Agnès Saal, « symbole de la trahison des élites »

Après huit mois de silence, l'ex-patronne de l'INA, récemment suspendue de la fonction publique pour 2 ans, dont 6 mois ferme, s'est exprimée dans Le Monde pour évoquer son affaire très médiatisée.

« Si je prends la parole après ce long silence, c'est parce que j'aimerais, si c'est possible, remettre un peu de sens et d'humanité dans cette histoire », a-t-elle expliqué. Évoquant un « traumatisme personnel et professionnel » et une vie « mise en miette », Agnès Saal dit regretter « à un point infini » cette affaire de frais de taxi exorbitants sur les deniers publics : 40 000 euros, le tout alors qu'elle disposait, dans le cadre de sa fonction, d'une voiture avec chauffeur, toujours sur les deniers publics.

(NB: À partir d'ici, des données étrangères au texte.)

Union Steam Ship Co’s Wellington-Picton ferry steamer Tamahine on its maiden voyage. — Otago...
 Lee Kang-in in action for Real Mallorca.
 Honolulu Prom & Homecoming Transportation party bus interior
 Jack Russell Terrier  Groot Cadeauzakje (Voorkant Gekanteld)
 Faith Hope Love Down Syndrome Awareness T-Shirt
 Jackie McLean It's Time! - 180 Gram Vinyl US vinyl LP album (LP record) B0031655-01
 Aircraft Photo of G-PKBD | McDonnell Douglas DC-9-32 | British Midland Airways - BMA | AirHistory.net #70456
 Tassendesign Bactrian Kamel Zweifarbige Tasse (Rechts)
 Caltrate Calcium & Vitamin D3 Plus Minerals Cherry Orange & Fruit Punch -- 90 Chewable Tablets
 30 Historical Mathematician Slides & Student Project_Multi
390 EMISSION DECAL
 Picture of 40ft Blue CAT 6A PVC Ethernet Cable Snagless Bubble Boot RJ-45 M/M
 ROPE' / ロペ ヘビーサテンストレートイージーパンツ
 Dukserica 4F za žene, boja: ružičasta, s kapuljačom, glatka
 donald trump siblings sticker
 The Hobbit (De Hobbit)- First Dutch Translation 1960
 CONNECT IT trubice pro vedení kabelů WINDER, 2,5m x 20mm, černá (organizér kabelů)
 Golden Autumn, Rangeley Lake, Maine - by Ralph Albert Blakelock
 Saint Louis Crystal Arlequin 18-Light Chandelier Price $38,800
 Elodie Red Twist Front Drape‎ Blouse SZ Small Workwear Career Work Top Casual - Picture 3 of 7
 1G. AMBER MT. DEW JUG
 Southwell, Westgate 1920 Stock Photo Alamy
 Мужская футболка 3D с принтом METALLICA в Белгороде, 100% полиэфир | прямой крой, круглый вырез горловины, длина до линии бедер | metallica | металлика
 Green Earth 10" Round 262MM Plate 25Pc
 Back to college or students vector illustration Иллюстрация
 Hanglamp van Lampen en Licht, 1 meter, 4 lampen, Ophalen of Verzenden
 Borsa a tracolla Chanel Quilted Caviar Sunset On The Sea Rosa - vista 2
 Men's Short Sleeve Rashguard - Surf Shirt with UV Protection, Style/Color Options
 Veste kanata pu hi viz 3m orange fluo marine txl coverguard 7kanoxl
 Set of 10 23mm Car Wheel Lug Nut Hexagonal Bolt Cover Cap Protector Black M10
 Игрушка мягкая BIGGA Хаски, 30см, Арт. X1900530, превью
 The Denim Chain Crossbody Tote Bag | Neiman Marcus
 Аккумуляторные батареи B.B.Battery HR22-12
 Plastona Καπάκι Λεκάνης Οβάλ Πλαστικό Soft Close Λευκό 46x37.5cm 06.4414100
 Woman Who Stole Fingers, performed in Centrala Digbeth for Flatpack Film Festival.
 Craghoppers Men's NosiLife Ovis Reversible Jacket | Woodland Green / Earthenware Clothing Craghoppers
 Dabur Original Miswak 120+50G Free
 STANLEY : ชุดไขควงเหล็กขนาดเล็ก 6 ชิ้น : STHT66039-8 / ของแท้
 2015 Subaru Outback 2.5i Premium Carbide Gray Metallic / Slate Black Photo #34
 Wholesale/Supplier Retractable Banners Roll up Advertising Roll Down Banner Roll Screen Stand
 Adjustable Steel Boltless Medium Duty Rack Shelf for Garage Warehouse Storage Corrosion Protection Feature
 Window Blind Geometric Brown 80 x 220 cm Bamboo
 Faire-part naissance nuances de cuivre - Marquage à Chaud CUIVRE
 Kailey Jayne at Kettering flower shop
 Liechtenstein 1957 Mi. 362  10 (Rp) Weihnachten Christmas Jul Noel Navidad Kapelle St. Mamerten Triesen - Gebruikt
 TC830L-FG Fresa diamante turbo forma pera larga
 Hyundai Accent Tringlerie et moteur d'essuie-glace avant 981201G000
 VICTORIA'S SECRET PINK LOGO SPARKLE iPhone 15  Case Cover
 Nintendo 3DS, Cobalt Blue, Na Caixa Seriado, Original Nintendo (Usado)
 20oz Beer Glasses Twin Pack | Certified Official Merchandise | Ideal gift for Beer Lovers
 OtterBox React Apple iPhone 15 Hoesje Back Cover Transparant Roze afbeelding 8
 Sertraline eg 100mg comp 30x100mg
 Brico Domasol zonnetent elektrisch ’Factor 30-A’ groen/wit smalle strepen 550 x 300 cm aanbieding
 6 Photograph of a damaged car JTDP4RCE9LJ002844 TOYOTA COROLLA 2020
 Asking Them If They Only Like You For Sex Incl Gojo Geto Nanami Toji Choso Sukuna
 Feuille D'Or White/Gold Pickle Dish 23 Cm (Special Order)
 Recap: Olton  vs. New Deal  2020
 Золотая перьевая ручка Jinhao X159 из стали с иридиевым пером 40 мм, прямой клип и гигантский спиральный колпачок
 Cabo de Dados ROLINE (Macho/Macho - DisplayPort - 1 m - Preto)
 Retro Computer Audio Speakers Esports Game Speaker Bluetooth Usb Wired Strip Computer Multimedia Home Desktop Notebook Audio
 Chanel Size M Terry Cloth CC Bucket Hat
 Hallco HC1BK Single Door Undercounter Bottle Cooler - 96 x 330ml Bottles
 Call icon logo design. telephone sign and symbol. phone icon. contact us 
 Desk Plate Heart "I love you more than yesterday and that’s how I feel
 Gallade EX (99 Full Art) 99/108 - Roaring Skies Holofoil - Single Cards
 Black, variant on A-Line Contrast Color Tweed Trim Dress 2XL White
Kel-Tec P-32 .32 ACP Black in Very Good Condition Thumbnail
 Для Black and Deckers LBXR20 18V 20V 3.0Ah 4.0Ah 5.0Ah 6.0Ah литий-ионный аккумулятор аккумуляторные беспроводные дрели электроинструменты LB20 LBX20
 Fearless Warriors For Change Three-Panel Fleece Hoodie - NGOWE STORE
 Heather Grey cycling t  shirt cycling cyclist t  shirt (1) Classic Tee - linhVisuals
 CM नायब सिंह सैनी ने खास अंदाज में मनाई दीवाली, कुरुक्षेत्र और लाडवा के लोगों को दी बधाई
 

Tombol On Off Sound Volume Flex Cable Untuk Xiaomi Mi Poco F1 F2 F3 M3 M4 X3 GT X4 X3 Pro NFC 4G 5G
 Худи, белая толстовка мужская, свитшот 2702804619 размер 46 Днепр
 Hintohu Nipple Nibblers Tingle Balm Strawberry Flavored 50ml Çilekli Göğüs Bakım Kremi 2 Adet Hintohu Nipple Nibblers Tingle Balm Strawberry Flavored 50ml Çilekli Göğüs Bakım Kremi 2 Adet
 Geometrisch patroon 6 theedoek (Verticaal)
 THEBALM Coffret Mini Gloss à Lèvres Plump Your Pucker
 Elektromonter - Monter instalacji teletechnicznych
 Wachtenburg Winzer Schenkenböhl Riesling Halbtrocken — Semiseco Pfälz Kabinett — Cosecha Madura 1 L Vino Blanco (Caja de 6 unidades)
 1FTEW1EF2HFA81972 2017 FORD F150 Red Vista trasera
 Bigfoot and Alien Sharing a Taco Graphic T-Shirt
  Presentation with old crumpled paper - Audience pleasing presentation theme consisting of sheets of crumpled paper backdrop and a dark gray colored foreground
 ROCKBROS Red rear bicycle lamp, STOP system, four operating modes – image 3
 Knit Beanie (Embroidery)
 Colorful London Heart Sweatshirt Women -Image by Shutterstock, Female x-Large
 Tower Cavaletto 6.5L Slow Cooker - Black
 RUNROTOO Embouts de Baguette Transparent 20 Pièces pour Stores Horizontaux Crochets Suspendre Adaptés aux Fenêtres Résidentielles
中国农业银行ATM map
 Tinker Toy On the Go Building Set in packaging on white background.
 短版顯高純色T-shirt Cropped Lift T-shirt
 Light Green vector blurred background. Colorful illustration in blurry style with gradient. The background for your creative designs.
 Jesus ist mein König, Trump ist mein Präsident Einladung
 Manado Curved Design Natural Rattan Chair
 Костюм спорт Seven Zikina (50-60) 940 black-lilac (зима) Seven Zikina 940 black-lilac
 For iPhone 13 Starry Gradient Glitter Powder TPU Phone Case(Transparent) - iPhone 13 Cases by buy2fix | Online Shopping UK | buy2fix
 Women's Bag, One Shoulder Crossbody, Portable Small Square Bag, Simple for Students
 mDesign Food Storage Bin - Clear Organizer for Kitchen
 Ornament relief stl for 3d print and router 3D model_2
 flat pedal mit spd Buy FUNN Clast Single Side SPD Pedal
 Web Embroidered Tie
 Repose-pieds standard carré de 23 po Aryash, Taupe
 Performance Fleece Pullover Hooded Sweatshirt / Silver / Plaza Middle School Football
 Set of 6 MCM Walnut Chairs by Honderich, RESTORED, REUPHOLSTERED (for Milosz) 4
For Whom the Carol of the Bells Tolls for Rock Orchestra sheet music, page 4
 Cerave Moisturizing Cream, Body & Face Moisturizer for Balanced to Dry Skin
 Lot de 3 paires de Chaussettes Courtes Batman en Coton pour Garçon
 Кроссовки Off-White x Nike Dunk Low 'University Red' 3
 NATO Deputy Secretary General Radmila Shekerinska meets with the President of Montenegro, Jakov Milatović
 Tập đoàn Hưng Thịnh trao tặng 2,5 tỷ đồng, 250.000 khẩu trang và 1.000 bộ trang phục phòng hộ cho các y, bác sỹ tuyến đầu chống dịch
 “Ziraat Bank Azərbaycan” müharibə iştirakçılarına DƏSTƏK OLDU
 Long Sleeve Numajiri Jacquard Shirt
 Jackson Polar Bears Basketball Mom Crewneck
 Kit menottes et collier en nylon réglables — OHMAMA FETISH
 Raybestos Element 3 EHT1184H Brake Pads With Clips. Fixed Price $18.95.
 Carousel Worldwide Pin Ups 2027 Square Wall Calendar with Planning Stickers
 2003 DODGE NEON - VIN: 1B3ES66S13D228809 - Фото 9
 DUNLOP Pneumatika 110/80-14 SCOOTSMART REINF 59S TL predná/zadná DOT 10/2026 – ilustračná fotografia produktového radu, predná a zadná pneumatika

La polémique avait entraîne sa démission de l'INA, puis un recasage discret au ministère de la Culture avant que le président de la République ne décide de son exclusion. La faute, celle-ci l'assume. « Je l'ai commise. Il ne s'agit ni de la nier, ni de la sous-estimer, ni de tenter de me disculper ou de trouver des circonstances atténuantes (...) J'assume cette faute, je la regrette à un point infini », a-t-elle confié dans le quotidien du soir.

Et celle-ci de passer aux explications : « On me propose cet abonnement [de taxi], qui est très commode, mais sans définition précise ni cadrage préalable des conditions dans lesquelles je peux l'utiliser. On me remet les codes de l'abonnement, et c'est tout. » Concernant les 7 000 euros de frais imputables à son fils, elle déclare : « C'est là ma faute. J'ai eu le réflexe de laisser ce code à mon fils en cas d'urgence. Et j'ai commis l'erreur de ne vérifier à aucun moment la manière dont ce code était utilisé. »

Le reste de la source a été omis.